ココロツムギ
小説家×隣家の高校生
「人物の心を紡いでいく。…小説とはそんなものだ」
しんとした和室の中で、先生はそう言った。
ソファーに座って先生の背中を見ている俺に。
忙しそうにペンを走らせながら。
ココロツムギ
「先生、これ」
そう言いながら母が作った肉じゃがを渡す。
生活能力が乏しい先生は、母の作った料理が命綱のようなものだ。
俺から鍋を受け取った彼は、少しもありがたそうな顔をせずにありがとう、と告げた。
「…お茶でも飲むか」
「うん」
先生に促されて家の中に入る。
書斎に入って、ソファーに腰を下ろした。
ポットからお茶を入れ、俺の前にマグカップを滑らせる。
それから自分の分も入れて、執務机に綺麗にしまわれていた椅子に腰を下ろした。
「ツムギ」
「なに」
「…呼んだだけだ。
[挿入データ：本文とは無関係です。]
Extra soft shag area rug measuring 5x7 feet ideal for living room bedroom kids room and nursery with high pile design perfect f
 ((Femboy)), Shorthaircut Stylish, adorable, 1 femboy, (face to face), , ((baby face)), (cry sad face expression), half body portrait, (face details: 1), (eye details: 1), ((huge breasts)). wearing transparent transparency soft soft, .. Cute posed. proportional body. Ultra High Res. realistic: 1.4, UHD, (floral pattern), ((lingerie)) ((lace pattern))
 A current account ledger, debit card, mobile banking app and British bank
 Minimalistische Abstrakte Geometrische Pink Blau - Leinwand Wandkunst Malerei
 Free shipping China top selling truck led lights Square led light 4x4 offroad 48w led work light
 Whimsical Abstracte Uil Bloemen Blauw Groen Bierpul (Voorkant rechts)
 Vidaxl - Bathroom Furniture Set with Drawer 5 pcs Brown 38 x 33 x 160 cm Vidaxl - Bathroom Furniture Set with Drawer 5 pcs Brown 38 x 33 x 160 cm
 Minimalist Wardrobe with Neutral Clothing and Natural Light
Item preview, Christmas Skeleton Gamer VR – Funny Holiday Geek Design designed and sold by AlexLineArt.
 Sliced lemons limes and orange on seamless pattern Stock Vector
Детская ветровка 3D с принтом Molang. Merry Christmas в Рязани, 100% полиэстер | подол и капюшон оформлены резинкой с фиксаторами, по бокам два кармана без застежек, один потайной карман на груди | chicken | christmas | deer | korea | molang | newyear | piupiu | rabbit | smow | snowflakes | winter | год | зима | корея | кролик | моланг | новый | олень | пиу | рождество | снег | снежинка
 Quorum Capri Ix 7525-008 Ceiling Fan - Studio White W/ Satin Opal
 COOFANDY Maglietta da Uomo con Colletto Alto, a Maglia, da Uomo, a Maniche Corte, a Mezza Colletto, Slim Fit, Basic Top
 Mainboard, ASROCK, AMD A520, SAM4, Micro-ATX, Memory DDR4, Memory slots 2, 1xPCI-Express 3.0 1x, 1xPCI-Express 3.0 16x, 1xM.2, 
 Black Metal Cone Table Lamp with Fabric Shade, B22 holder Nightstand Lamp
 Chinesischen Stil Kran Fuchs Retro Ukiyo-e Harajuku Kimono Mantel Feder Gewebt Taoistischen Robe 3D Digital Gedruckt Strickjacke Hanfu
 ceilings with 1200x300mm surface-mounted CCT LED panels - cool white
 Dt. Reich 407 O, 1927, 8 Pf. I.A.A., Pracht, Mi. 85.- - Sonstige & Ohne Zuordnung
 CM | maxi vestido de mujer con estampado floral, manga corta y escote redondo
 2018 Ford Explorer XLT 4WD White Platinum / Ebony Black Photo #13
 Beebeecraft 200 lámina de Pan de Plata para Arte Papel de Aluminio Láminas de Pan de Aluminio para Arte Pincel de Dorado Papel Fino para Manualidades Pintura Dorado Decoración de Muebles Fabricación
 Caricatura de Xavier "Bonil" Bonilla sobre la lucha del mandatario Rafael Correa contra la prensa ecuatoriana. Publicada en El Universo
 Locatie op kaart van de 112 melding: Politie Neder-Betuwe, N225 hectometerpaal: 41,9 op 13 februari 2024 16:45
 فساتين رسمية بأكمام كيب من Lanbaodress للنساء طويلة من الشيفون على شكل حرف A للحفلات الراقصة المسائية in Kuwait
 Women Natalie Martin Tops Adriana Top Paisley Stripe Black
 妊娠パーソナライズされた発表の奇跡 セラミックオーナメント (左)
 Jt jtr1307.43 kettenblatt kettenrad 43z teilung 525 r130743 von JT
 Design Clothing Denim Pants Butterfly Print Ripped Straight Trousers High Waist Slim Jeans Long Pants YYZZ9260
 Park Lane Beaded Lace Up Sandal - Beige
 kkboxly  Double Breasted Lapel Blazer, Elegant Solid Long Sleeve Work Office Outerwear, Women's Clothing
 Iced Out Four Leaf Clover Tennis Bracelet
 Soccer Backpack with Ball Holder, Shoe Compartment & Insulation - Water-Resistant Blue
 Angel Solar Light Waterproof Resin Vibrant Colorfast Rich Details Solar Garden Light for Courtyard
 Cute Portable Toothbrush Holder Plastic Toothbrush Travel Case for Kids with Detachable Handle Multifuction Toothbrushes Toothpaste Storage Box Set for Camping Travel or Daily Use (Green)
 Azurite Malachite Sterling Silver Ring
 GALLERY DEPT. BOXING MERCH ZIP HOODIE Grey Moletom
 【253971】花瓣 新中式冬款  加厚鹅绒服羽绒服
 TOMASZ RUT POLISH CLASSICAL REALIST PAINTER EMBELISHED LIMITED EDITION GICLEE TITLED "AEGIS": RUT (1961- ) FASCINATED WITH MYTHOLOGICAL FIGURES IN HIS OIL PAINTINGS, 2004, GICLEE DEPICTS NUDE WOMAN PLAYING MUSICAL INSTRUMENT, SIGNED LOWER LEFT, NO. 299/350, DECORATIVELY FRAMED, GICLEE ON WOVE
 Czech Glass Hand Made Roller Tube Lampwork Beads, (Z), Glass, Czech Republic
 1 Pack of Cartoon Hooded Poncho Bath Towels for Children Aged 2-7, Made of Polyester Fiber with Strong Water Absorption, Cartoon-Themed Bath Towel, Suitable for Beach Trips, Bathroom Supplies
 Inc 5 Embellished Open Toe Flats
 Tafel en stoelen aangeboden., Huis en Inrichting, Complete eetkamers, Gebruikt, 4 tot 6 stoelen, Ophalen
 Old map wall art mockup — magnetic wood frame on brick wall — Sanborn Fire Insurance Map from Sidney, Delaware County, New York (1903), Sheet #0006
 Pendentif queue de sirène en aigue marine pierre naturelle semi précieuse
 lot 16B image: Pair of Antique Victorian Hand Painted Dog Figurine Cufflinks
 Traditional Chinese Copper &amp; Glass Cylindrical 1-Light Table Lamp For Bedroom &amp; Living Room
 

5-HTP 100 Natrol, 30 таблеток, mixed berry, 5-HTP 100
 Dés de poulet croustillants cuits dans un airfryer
ツムギって名前、好きだから」
「ふうん」
「興味なさそうだ」
「先生の方がね」
そう言うと、先生はくつりと笑う。
机の上に放り出されていた箱から煙草を取り出して火をつけた。
流れるような仕草を見つめていると、ライターを置いて眼鏡をあげる。
先生の仕草は、ひとつひとつが丁寧だ。
「ツムギ」
「…」
「今日、家に泊まるか」
「え?」
突然そう言われて、眉を寄せる。
持っていたマグカップを置いて、先生を見つめた。
何も読めとることのできない顔。
「…俺、明日文芸部の打ち合わせが…」
「ツムギ、文芸部に入ったのか」
「先生、俺、この間言ったよね。文芸部入るって」
「そういやぁ、そんなこと…。あぁ、たしかに、文芸部くらいじゃないと、俺のこと知らないか」
「…先生、高校生の間じゃ、知られてないもんね」
俺がそういうと、先生は意地の悪い笑い声を零す。
マグカップを持ってお茶をすすると、きい、と音を立てて机に向かった。
万年筆を手に取り、カリカリと忙しなく動かしていく。
先生の丸まった背中。
窓から入る光が、橙色から淡い黄色に変わった。
「ツムギ、泊まって行けよ」
「朝ごはん、温めるのが面倒だから?」
「よく分かったな」
「…先生ってモテないでしょ」
「…はしたない言葉を使うな」
声が少し不機嫌そうで思わず笑った。
マグカップのお茶がなくなったから、立ち上がる。
「…一回、帰るよ」
「別に寝巻とか貸すぞ」
「…下着、ないし」
「貸すって」
「俺と先生の体格差わかってる?」
俺と先生は一回りくらい体格が違う。
引きこもりのくせに、やけに体格がいい。
先生は俺の方を向いて、ニヒルな笑みを浮かべた。
「…浴衣ならどうだ」
「…そんなに泊まってほしいの」
「あぁ。…最近筆がはかどらない。ツムギがいると、書きやすいんだ」
「わかった。下着、新しいのだよね?」
「そこの棚。浴衣と一緒に入ってる」
「…お風呂、借りる」
先生はまた俺に背中を向けて筆を走らせ始めた。